Social Justice or Biblical Justice?


My friend, Ron Calhoun, is a retired missionary and educator.  He served for 37 years, primarily in South Africa.  Ron is a tremendous Bible scholar, missionary, and deep Christian.  He observes the contrast between the prevailing neo-Marxist model of social justice and a Biblical view of justice.

"It is essential to note here that the Old Testament teaching on social justice is not compatible with the Marxist teaching on social justice.  It is impossible to wed the two.  The OT teaching begins with a God who loves all human persons, the rich and the poor.  God promotes a revolution of love.  He addresses those rich who are guilty of oppressing the poor, reminds them of his love for the poor, advises the rich that they are to love the poor as he does, and warns of his judgment if they do not treat the poor compassionately and with justice.
"Marxism, at its base, eliminates God from the equation.  The pattern of history is determined by economic forces which mysteriously move forward in a dialectical manner.  The capitalist-oppressor class and the oppressed-laborer class are caught up in stages of ongoing struggle until, finally, a classless society emerges.
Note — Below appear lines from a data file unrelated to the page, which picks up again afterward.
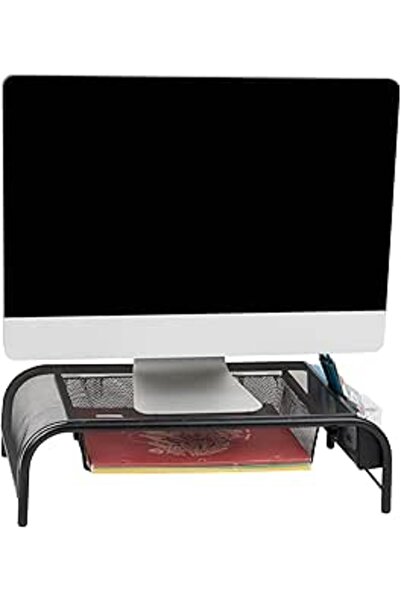 Mind Reader MESHMONSTA-BLK Metal Mesh Monitor Stand and Desk Organizer with D...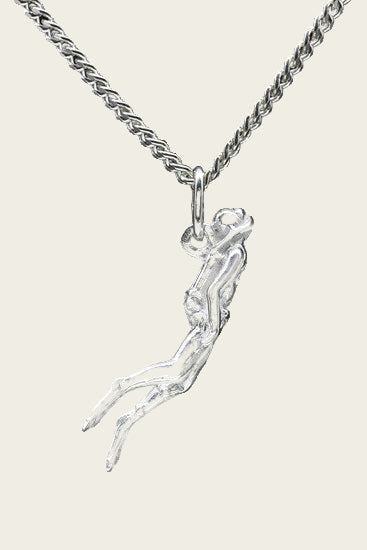 Zilveren Duiker ketting hanger - middel
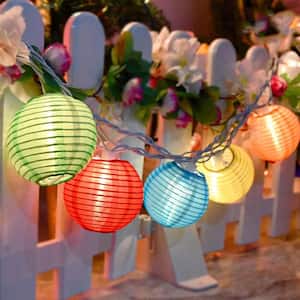 10 LED Hanging Lantern String Lights Plug in Waterproof Connectable Indoor Outdoor for Christmas Party Birthday Decor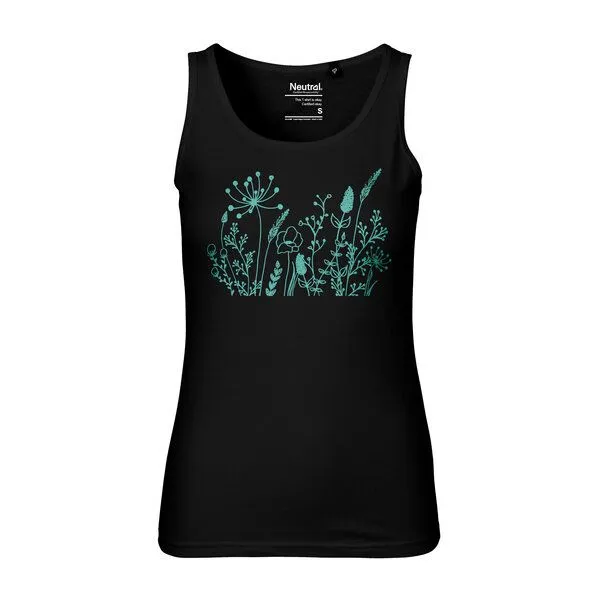 HANDGEDRUCKT HANDGEDRUCKT Frauen Tank Top "Wilde Wiese" aus 100% Bio Baumwolle (kbA), Black, – Produktbild 1 von 2
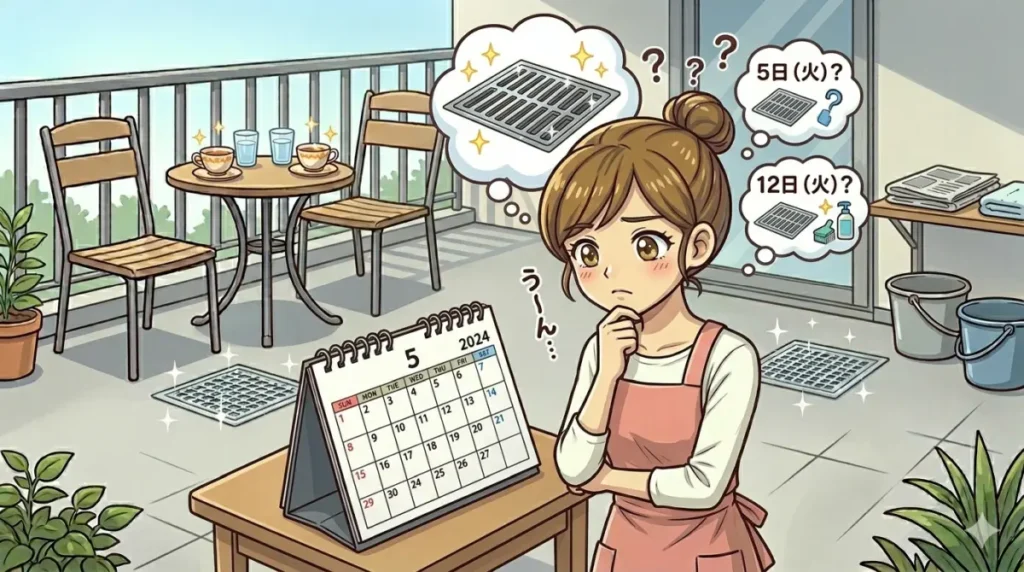 カレンダーを見てつぎにいつ排水口の掃除をするか考えているイメージ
"Marxism promotes a revolution of hate.  It addresses the poor as a class inciting them to indiscriminate violent revolution against the rich as a class.  What is supposed to emerge is a society of redistributed wealth in which each individual gives according to his-her ability and each receives according to his-her need.
"Of course, the fallible, fallen persons who implement the system are the ones who determine what each person's ability is and the need each person actually has.  It is a system of external compulsion, not of freely chosen love, and thus reduces persons under the system to manipulated pawns, lacking freedom and unable to build righteous character through freely chosen, right choices producing just and compassionate action toward the poor."
From Ronald C. Calhoun (2013).  Life in the Image of God:  The Sermon on the Mount as a hillside holiness message.  West Bow Press, p. 225-226.